Exercise goal:
Only one span is wanted from the lines below: from the one with "3652 E Moonlight" up to and including the one with "Used 2017 Subaru". Copy it exactly, without images.
-- Material provided follows --
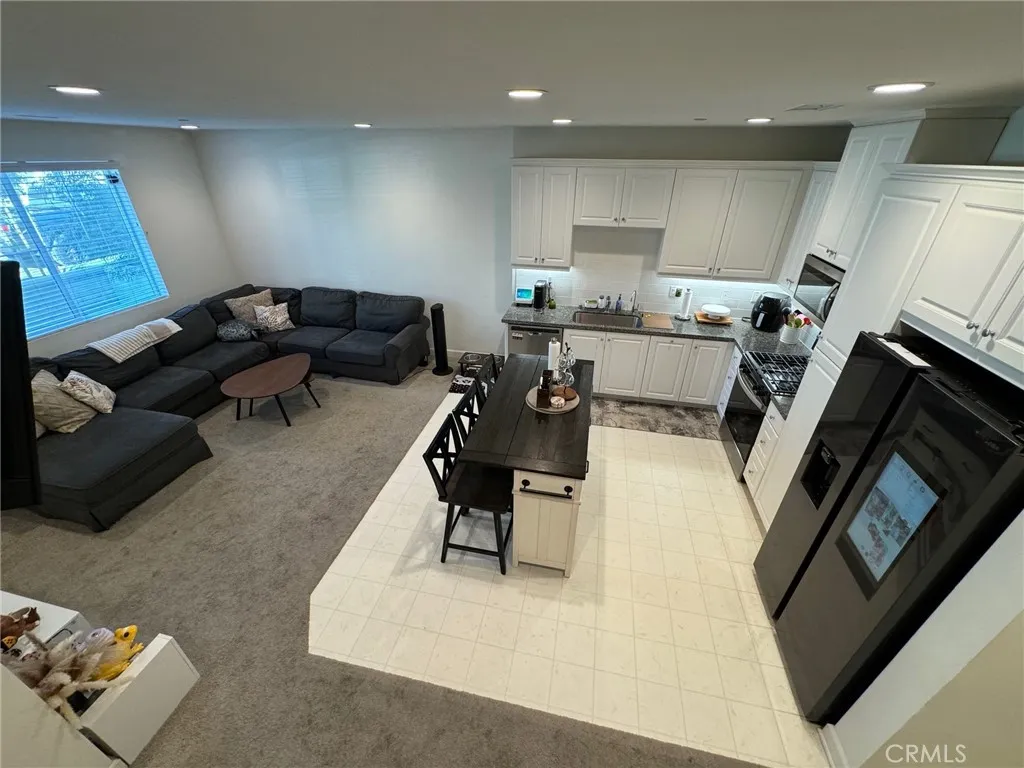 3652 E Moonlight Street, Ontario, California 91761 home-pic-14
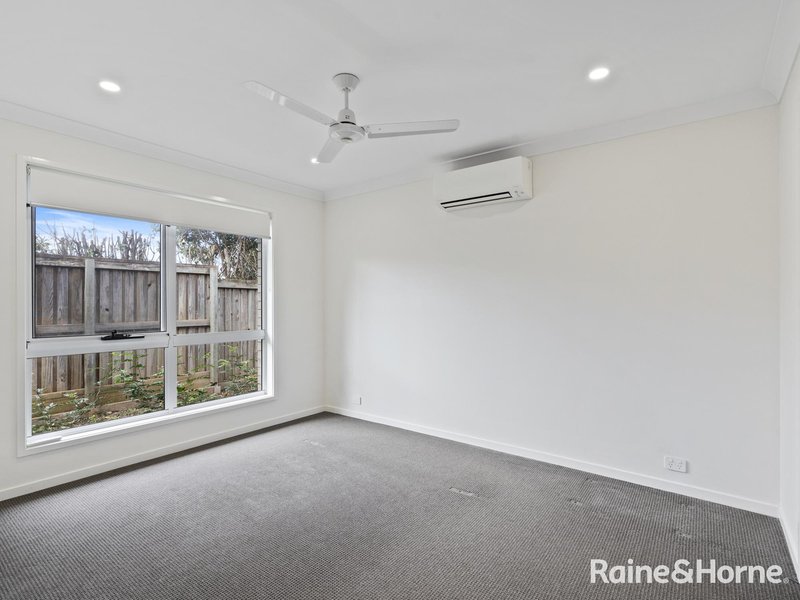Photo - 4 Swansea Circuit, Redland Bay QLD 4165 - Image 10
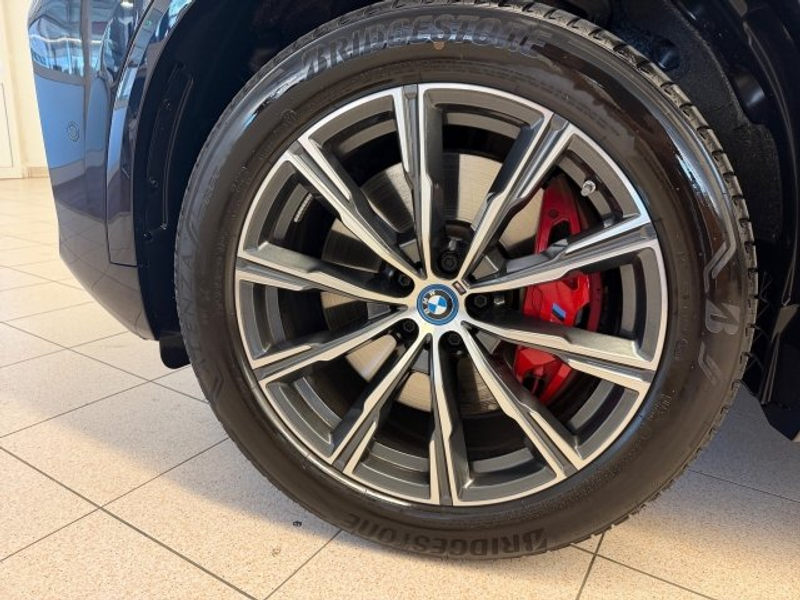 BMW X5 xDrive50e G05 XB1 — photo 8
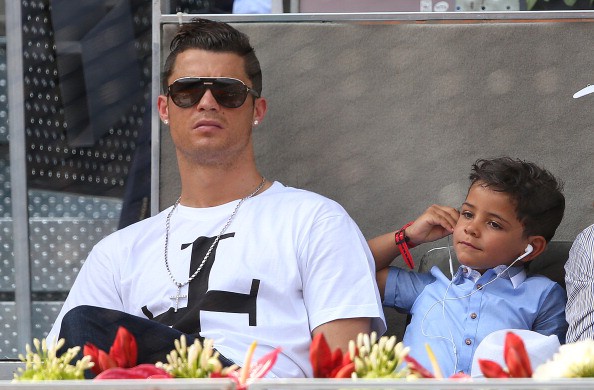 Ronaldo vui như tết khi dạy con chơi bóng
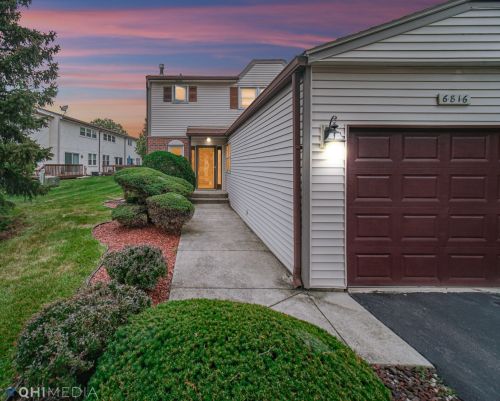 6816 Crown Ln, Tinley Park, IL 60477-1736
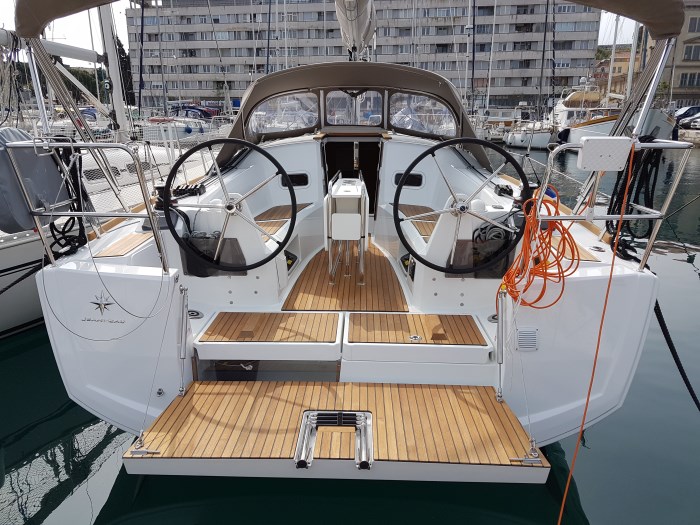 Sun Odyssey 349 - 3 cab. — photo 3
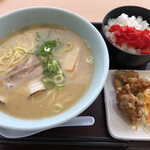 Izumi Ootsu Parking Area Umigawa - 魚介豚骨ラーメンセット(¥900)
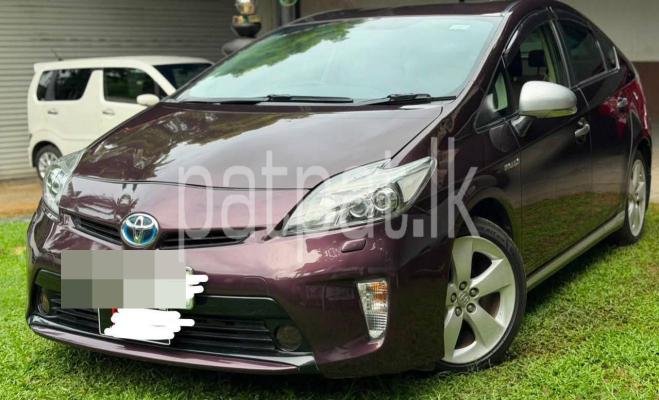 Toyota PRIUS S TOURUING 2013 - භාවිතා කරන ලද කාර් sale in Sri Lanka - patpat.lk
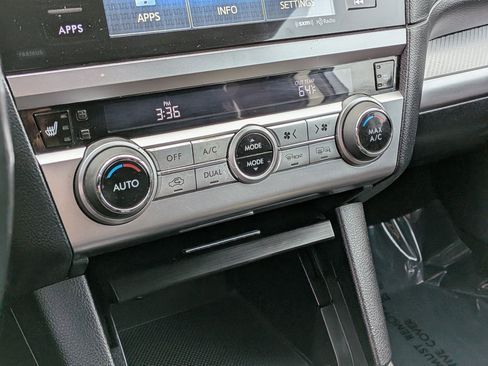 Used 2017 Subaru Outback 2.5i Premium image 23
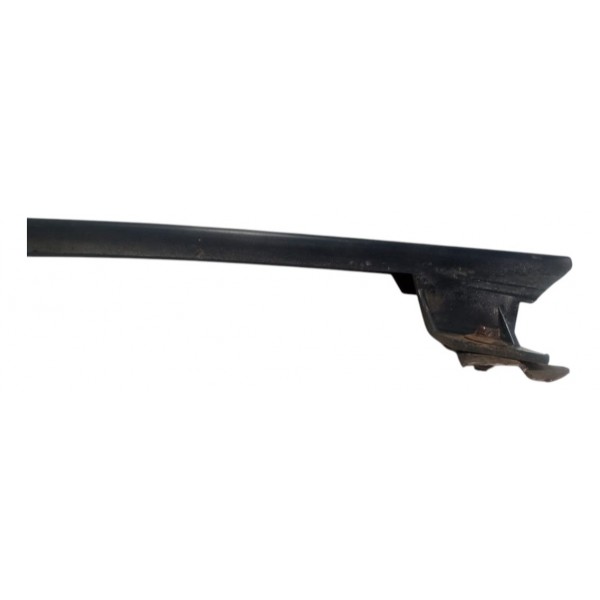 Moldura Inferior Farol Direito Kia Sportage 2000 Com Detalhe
-- Material provided concluded --
-- Material provided follows --
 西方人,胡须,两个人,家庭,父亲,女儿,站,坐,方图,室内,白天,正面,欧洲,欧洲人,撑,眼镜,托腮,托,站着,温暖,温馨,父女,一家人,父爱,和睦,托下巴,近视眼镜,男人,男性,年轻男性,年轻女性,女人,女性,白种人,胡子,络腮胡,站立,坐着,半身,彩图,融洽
-- Material provided concluded --
Solution for this exercise:
 3652 E Moonlight Street, Ontario, California 91761 home-pic-14
Photo - 4 Swansea Circuit, Redland Bay QLD 4165 - Image 10
 BMW X5 xDrive50e G05 XB1 — photo 8
 Ronaldo vui như tết khi dạy con chơi bóng
 6816 Crown Ln, Tinley Park, IL 60477-1736
 Sun Odyssey 349 - 3 cab. — photo 3
 Izumi Ootsu Parking Area Umigawa - 魚介豚骨ラーメンセット(¥900)
 Toyota PRIUS S TOURUING 2013 - භාවිතා කරන ලද කාර් sale in Sri Lanka - patpat.lk
 Used 2017 Subaru Outback 2.5i Premium image 23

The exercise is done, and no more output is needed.